Today, saddled with more than $80,000 in student loan debt, the 22-year-old senior wishes he'd spent more time deciding how to borrow.

"We're too young to grasp that this is thousands of dollars I'm going to owe," he said. "It doesn't feel like real debt until a few years down the road — like now."

Haynes is like many college students who find that grants, scholarships and work-study programs only go so far to cover tuition, room, board, books and supplies. Students carried an average $19,200 in debt in 2004, twice the amount they carried a decade before, according to The Project on Student Debt.

Thanks to soaring tuition costs, borrowing has become an inescapable fact of college life. Two-thirds of students at four-year colleges carried loan debt in 2004, compared with less than half in 1993, according to The Project on Student Debt.

"My first advice to families is save, save early ... work with your institutions to see what aid is available," said Diane Jones, assistant secretary of post-secondary education at the U.S. Department of Education. "But understand that for many families, taking on debt is going to be part of the solution of meeting the cost."

After being accepted at Eastern Michigan, Haynes followed his high school's advice and applied for federal aid. But the process of filling out complex forms asking about his family's financial assets overwhelmed him.

He ultimately borrowed from Chase, which was on a list of lenders the university provides students. Because the federal loan is capped at only a few thousands dollars per year, Haynes also borrowed from Sallie Mae, which tops another list of school-approved lenders.

The rate on the federal loans was between 4 percent and 5 percent. But the private loans carried rates between 8 percent and 12 percent. Haynes said he could have shopped around and switched, but by the time he understood his options it was more convenient to stick with Sallie Mae.

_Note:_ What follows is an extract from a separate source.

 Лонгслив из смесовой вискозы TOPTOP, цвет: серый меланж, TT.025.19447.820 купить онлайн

Haynes described the school's financial aid office as "very helpful" even if the advice he got there wasn't the best. He said the borrowing process is so daunting and time-consuming that it's only natural to rely on colleges for advice on where to go for loans.

"I knew it was going to cost. I just didn't get the depth of how big that cost actually is," he said. "People tell me, 'You'll find a way to pay it. You'll get a job.' Now I'm looking at grad school and I'm like, 'Here we go again."'

Carmen Berkley, 22, had a similar experience. She said financial aid officers at the University of Pittsburgh gave her a brochure listing several lenders, but she wishes she had received more guidance.

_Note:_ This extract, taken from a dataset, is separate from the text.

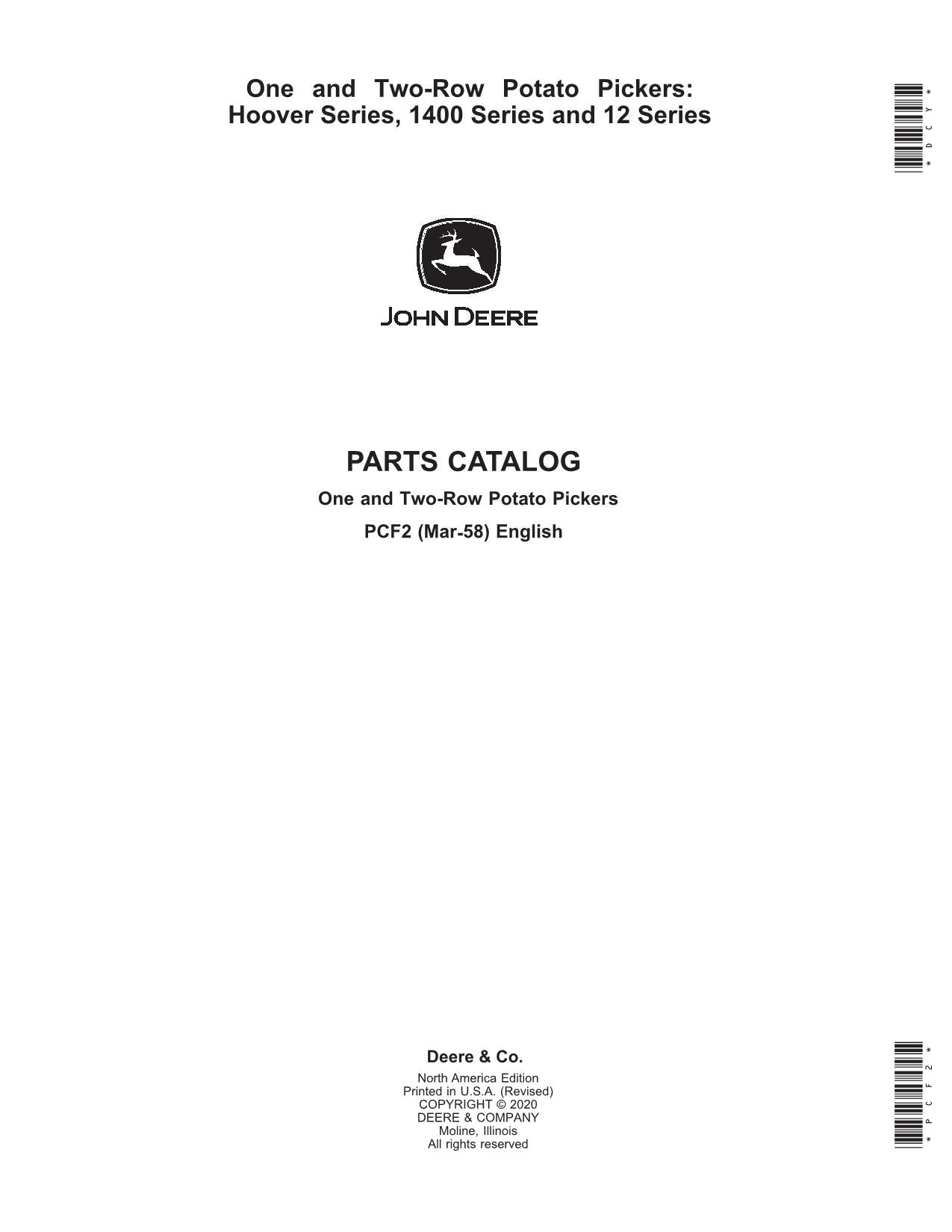 JOHN DEERE HOOVER 1400 12 PFLANZMASCHINE ERSATZTEILKATALOGHANDBUCH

The Georgia native, who graduated Aug. 3, took out several private loans with interest rates as high as 19.5 percent. She's now carrying more than $70,000 of debt.

"No one really said, 'Here are the interest rate options, this is what a deferment means, this is what paying the interest means right now,"' Berkley said.

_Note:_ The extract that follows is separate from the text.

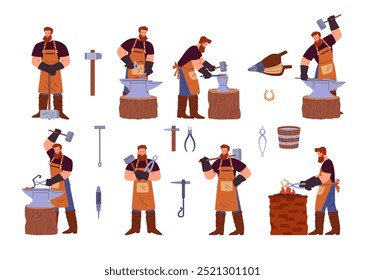 Blacksmith worker and crafted tools vector flat illustrations set. Cartoon professional farrier character hard working in the smithy. Medieval smith craftsman. Foundry workshop making steel products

Shopping for a student loan? Here's some advice

For students trying to navigate the complex world of college loans, the Project on Student Debt, a nonprofit group in Washington, D.C., offers these tips:

• Borrow only as much as you really need.

• Talk to a financial aid officer at your college to see if you might be eligible for more grants even if you've been offered student loans as part of your financial aid package.

• Start with federal loans. Interest rates on Perkins loans (5 percent fixed) or Stafford loans (maximum 6.8 percent) don't change over time and aren't affected by your credit rating. They also come with some borrower protections in case you're unemployed or have other financial problems after college.

• Avoid private student loans (sometimes called "alternative" loans) if possible. Even if they start with what seem like low rates, those rates can shoot up at any time. Also, they don't have the borrower protections that come with federal loans.

•Beware of private loans in disguise. Some schools put their own name on private loans, or the loans may have other brand names that make them look safer than they really are.

• Shop around. If your school recommends borrowing from a certain lender or lenders, find out why. If you find a good rate on a private loan, keep talking to other lenders, and see if they will beat that rate. Make sure you get the final deal in writing, and that you understand the limitations and restrictions.